Exactly when (or even if) the Singularity will occur is a matter of debate. Our efforts to build intelligent machines may hit a brick wall. But if progress towards intelligent machines continues unabated, you can be sure the debate regarding a "post-human" future that is currently a peripheral concern (at best) will take on increasing urgency. In such an environment, how will society react? Will people accept the fact that their destiny -- the destiny of their species -- may cease to be in their hands? Will they wish to pursue research that could destroy human life as we know it?

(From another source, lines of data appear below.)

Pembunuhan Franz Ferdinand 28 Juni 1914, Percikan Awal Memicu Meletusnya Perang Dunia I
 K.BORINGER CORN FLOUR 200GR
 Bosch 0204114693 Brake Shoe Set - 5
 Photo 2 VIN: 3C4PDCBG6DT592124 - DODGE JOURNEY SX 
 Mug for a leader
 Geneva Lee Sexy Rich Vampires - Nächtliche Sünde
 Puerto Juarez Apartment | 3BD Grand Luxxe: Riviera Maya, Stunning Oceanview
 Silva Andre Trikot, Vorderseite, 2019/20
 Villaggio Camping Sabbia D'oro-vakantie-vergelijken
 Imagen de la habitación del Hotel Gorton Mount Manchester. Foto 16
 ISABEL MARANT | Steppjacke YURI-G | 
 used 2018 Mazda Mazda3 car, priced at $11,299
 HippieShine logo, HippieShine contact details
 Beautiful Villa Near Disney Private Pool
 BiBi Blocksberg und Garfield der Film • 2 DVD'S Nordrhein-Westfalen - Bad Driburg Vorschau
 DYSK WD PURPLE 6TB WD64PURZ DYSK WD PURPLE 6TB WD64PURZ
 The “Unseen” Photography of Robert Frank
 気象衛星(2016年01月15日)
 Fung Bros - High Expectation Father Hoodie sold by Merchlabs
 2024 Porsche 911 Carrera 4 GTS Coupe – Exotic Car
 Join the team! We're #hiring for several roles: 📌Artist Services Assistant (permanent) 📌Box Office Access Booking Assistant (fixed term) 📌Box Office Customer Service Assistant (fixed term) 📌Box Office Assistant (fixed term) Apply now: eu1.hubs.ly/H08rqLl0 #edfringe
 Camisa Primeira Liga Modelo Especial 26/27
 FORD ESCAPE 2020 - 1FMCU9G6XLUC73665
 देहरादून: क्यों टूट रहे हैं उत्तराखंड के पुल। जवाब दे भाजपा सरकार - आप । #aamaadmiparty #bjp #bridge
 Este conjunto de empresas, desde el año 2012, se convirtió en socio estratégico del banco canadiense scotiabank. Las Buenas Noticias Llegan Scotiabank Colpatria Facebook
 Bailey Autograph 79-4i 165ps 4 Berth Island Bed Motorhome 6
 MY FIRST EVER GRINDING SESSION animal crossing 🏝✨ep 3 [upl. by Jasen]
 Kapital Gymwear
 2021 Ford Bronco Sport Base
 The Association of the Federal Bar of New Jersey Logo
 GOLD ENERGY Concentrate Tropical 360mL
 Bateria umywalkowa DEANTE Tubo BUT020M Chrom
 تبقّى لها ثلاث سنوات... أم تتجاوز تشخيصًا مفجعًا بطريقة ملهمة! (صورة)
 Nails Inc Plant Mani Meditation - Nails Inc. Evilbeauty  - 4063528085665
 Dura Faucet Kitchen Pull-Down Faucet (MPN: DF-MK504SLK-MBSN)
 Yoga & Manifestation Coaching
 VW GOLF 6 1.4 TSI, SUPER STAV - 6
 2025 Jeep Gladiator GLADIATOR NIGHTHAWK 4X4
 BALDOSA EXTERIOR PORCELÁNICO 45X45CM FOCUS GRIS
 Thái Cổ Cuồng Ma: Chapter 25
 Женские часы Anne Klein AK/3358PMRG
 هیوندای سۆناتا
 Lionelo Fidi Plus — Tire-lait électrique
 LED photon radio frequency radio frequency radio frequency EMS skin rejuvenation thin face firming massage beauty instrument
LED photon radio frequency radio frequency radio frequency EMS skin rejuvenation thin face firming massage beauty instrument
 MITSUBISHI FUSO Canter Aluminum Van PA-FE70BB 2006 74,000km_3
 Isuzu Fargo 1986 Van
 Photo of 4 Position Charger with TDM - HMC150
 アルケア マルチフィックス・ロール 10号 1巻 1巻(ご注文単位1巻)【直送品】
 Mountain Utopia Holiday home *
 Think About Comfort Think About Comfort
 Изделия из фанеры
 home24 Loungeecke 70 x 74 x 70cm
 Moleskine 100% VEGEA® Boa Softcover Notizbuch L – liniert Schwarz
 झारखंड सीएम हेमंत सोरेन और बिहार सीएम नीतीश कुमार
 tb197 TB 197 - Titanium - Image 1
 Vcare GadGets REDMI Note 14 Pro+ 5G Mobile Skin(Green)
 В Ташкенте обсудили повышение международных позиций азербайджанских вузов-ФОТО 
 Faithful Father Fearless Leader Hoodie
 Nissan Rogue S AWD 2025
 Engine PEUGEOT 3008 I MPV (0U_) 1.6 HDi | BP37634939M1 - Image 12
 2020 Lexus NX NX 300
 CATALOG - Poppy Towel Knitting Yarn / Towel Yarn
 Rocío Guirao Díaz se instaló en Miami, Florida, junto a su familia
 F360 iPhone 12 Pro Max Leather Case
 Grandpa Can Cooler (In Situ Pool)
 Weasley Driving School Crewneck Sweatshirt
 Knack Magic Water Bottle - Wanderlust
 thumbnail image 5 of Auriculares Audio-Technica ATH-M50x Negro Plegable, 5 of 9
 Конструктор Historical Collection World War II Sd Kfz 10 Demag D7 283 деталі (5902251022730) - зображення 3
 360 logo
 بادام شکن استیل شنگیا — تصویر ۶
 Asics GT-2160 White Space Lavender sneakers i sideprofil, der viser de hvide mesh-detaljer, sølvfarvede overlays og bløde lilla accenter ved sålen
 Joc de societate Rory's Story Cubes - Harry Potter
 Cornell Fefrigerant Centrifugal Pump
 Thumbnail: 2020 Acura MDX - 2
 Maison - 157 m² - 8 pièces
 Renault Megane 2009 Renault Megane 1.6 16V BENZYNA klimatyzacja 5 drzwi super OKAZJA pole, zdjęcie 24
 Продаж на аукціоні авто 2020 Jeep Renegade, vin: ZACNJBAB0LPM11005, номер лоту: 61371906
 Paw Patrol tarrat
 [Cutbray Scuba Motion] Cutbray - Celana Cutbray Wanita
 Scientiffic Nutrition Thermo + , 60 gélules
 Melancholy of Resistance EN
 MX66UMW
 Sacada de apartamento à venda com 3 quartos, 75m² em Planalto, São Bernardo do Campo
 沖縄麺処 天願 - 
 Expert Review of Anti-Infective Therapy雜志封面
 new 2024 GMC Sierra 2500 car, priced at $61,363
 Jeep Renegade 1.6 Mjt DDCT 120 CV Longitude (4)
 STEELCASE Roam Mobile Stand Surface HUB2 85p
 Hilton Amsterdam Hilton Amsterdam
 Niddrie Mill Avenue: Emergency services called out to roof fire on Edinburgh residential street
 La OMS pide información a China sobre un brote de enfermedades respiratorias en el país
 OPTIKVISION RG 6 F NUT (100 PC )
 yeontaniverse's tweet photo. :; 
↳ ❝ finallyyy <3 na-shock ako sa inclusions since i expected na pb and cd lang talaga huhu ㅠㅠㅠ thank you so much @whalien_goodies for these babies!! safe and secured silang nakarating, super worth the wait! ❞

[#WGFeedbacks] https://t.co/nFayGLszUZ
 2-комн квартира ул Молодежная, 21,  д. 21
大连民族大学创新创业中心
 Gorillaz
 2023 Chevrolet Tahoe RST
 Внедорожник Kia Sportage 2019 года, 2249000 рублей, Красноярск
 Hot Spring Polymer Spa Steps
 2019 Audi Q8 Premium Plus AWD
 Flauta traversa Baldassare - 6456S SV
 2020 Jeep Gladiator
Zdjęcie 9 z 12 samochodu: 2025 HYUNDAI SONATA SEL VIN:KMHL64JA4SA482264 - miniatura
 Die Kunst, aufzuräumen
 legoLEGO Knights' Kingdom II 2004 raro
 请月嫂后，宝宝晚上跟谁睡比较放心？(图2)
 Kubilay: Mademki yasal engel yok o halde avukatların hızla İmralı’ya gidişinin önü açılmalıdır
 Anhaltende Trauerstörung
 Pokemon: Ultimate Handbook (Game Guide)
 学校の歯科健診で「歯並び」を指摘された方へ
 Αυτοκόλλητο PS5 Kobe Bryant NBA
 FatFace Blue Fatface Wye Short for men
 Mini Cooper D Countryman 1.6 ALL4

Some futurists think we'll happily welcome the prospect. Ray Kurzweil -- a popular proponent of the Singularity's benefits who is currently directing Google's artificial intelligence efforts -- has argued that since progress toward the Singularity will be incremental, people will be gradually socialized to the idea that the human race as we have known it for centuries will eventually be replaced by human-machine hybrids or simply conscious machines. The Singularity will come bearing gifts. First Google Glass, then Google Eyeballs, then Google Brain, then the uploading of "you" into the cloud for a life immortal, with nary a complaint along the way.
The less optimistic take sees at least some segment of humanity reacting negatively, and violently, against the coming Singularity. This scenario has been anticipated by computer scientists working in artificial intelligence. AI researcher Hugo de Garis for instance, wrote a book of speculative fiction positing a war between "Cosmists" and "Terrans" -- the former devoted to advancing the Singularity and the latter dedicated to stopping it at all costs.
Could such a war happen in the future? It's impossible to predict. But violent acts of sabotage and assassination directed at those working in companies and institutions deemed instrumental to creating a "post-human" future seem highly plausible -- even inevitable -- if progress continues. If Kurzweil is wrong and the rise of super-intelligent machines is viewed as more alien than benign, it won't be hard to convince people that their lives and the future of human civilization rest on stopping this work. People have killed over much less.
States, too, would take a keen interest in the progress of AI (indeed, they already have). In the scramble for geopolitical power and position, powerful states may view the race for AI as a new arms race, and take measures, such as preemptive war, to disadvantage their rivals.
So keep an eye on the Google bus fracas. It may symbolize a tragic irony: the "disruption" that so many tech firms pride themselves on may be coming. And it might not be pretty.